Exercise objective: Starting with the line that contains "Ipv 4s 120w" and stopping after the line that contains "2026 LEXUS NX", copy the entries below exactly. Include nothing else.

Segment Start: Records for the task

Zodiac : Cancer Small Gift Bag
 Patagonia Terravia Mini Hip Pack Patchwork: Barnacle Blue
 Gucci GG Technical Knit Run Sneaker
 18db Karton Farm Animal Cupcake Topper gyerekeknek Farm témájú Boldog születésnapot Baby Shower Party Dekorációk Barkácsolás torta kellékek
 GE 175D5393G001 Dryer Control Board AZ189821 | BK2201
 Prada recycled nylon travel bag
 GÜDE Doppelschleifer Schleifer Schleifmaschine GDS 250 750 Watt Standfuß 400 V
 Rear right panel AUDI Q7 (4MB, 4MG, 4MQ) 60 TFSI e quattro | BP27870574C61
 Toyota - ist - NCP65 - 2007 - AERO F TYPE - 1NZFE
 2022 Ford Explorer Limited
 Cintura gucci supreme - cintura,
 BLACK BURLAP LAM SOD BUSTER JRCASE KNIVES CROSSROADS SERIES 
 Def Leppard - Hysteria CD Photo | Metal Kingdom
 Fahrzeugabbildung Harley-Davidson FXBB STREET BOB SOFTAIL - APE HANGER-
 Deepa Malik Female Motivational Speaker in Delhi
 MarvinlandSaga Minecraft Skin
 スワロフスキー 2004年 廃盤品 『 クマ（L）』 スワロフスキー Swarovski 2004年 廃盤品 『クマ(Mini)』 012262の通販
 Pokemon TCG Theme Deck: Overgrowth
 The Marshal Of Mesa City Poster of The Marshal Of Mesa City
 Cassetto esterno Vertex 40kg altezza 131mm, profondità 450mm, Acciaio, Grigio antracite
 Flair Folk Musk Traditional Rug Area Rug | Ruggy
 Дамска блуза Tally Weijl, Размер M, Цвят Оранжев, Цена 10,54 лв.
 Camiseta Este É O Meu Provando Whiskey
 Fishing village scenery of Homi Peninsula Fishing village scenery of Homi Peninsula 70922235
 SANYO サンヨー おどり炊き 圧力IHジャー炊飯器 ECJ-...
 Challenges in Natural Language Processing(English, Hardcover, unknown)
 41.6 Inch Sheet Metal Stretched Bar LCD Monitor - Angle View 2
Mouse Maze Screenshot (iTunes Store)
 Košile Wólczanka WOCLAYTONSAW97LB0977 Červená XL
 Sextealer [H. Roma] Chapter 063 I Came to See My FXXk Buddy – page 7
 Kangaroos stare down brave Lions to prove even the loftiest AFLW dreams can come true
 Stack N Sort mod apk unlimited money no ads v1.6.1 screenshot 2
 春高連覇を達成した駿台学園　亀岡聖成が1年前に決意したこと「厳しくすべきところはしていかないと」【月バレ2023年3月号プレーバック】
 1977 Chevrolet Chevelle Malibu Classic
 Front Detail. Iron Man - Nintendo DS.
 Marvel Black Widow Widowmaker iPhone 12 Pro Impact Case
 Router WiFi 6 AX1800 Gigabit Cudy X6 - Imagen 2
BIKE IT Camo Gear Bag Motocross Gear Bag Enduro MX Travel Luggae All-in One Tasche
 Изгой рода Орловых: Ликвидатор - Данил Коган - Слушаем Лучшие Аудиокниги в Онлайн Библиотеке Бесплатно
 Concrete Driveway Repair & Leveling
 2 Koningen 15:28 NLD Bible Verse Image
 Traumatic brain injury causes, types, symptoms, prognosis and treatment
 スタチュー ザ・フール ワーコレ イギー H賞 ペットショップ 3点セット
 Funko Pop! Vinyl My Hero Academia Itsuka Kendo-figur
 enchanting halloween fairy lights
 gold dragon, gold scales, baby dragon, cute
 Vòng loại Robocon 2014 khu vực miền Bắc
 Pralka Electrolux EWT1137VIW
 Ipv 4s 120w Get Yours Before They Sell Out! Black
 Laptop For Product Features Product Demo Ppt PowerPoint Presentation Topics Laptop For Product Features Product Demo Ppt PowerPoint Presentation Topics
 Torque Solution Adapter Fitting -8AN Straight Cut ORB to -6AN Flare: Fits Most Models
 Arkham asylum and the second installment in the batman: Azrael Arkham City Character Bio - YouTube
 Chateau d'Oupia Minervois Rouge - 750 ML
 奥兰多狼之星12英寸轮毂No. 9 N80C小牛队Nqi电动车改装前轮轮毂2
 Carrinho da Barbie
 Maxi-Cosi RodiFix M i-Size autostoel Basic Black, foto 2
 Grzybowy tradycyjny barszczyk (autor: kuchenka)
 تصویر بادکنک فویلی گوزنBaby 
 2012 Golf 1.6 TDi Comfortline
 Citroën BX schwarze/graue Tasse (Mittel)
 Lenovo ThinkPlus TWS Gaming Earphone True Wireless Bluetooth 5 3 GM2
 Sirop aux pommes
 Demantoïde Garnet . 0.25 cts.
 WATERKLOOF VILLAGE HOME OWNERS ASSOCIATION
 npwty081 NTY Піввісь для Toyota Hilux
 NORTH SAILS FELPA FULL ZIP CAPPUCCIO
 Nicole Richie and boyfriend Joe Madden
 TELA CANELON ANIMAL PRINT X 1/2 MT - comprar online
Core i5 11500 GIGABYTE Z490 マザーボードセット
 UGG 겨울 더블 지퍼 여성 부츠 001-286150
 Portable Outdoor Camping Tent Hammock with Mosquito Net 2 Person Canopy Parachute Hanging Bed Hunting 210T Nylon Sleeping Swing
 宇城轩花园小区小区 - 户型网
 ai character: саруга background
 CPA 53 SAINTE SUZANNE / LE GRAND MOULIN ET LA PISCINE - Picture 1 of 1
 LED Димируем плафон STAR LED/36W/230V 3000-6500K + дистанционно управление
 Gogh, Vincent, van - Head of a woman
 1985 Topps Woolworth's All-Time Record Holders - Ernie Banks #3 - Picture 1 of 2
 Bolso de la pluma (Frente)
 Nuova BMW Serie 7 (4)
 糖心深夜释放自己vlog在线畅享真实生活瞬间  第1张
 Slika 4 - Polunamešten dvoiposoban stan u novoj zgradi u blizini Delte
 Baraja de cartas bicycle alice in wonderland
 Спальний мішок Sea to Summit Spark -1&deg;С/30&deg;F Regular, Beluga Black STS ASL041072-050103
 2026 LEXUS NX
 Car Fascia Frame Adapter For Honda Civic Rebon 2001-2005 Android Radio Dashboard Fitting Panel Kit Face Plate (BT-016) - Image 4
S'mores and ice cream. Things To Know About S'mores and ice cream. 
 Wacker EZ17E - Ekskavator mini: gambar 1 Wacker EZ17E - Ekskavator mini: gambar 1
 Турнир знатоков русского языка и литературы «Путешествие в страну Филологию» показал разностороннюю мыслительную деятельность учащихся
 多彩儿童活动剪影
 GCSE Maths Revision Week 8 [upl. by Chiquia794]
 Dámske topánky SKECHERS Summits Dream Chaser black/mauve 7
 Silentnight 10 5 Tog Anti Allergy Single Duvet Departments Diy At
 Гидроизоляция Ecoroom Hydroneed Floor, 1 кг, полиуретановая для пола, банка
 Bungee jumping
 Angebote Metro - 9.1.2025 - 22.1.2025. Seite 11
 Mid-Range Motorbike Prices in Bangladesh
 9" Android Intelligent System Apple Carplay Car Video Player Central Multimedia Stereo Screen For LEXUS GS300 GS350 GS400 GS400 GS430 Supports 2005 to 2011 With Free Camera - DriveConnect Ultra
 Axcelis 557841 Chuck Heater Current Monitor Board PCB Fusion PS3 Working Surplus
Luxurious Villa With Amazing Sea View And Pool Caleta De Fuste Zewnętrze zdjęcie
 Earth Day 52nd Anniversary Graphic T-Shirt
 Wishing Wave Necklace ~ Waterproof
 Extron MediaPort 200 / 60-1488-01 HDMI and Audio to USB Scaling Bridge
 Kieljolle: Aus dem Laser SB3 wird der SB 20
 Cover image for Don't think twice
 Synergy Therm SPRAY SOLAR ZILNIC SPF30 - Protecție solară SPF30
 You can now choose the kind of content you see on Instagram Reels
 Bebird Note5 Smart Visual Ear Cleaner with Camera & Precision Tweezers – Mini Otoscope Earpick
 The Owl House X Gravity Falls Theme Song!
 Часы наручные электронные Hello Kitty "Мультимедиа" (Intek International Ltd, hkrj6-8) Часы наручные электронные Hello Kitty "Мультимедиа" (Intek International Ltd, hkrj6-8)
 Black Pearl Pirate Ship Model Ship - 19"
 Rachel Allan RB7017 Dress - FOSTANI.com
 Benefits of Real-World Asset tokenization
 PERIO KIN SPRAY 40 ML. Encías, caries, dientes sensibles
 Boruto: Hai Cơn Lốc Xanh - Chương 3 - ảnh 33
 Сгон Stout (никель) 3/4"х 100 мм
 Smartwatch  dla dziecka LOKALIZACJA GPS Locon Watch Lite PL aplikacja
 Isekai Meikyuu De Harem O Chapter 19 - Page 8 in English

Segment End: Records for the task

Result below:
 Ipv 4s 120w Get Yours Before They Sell Out! Black
 Laptop For Product Features Product Demo Ppt PowerPoint Presentation Topics Laptop For Product Features Product Demo Ppt PowerPoint Presentation Topics
 Torque Solution Adapter Fitting -8AN Straight Cut ORB to -6AN Flare: Fits Most Models
 Arkham asylum and the second installment in the batman: Azrael Arkham City Character Bio - YouTube
 Chateau d'Oupia Minervois Rouge - 750 ML
 奥兰多狼之星12英寸轮毂No. 9 N80C小牛队Nqi电动车改装前轮轮毂2
 Carrinho da Barbie
 Maxi-Cosi RodiFix M i-Size autostoel Basic Black, foto 2
 Grzybowy tradycyjny barszczyk (autor: kuchenka)
 تصویر بادکنک فویلی گوزنBaby 
 2012 Golf 1.6 TDi Comfortline
 Citroën BX schwarze/graue Tasse (Mittel)
 Lenovo ThinkPlus TWS Gaming Earphone True Wireless Bluetooth 5 3 GM2
 Sirop aux pommes
 Demantoïde Garnet . 0.25 cts.
 WATERKLOOF VILLAGE HOME OWNERS ASSOCIATION
 npwty081 NTY Піввісь для Toyota Hilux
 NORTH SAILS FELPA FULL ZIP CAPPUCCIO
 Nicole Richie and boyfriend Joe Madden
 TELA CANELON ANIMAL PRINT X 1/2 MT - comprar online
Core i5 11500 GIGABYTE Z490 マザーボードセット
 UGG 겨울 더블 지퍼 여성 부츠 001-286150
 Portable Outdoor Camping Tent Hammock with Mosquito Net 2 Person Canopy Parachute Hanging Bed Hunting 210T Nylon Sleeping Swing
 宇城轩花园小区小区 - 户型网
 ai character: саруга background
 CPA 53 SAINTE SUZANNE / LE GRAND MOULIN ET LA PISCINE - Picture 1 of 1
 LED Димируем плафон STAR LED/36W/230V 3000-6500K + дистанционно управление
 Gogh, Vincent, van - Head of a woman
 1985 Topps Woolworth's All-Time Record Holders - Ernie Banks #3 - Picture 1 of 2
 Bolso de la pluma (Frente)
 Nuova BMW Serie 7 (4)
 糖心深夜释放自己vlog在线畅享真实生活瞬间  第1张
 Slika 4 - Polunamešten dvoiposoban stan u novoj zgradi u blizini Delte
 Baraja de cartas bicycle alice in wonderland
 Спальний мішок Sea to Summit Spark -1&deg;С/30&deg;F Regular, Beluga Black STS ASL041072-050103
 2026 LEXUS NX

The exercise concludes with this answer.